Lead-bismuth eutectic (LBE) corrosion behavior of AlTiN coatings at 550 and 600゜C

Abstract

High performance LBE corrosion-resistant- materials have great potential for application in the future 4th generation nuclear reactor. In this paper, LBE corrosion behavior of AlTiN coating was carefully evaluated at typical working temperatures of nuclear reactor. The coating was synthesized by cathodic arc ion plating on 316L stainless steel (SS) substrates and subjected to LBE corrosion at 550 and 600 °C for 500 h. We used SEM, AFM, EDS, XRD and Raman to carefully characterize the microstructure evolutions of the coating.
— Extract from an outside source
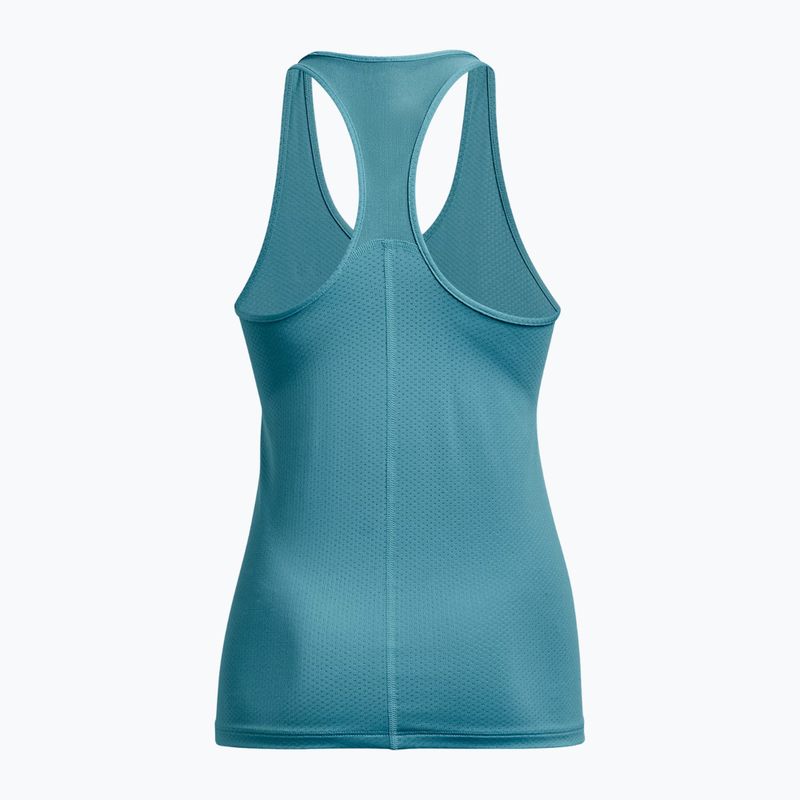 Dámské tréninkové tílko Under Armour Hg Armour Racer Tank blue 1328962-433 2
The results show that the coating could effectively enhance the LBE corrosion resistance of the SS at both 550 and 600 °C. The excellent corrosion resistance performance could be attributed to the in-situ formation of a dense oxide layer on the coating surface, which mainly consists of TiO2 (Anatase and Rutile) and γ-Al2O3 phases with slow growth rate and stable structure. In addition, the dense oxide layer of the coating exhibits a lower wettability to liquid LBE metal because of the nano-scale surface morphology, which further enhance the corrosion resistance. While for bare SS substrate, porous oxide was formed after LBE corrosion. These results suggested that AlTiN coating is a promising material for improving the LBE corrosion-resistant performance of the component used in the future nuclear reactor.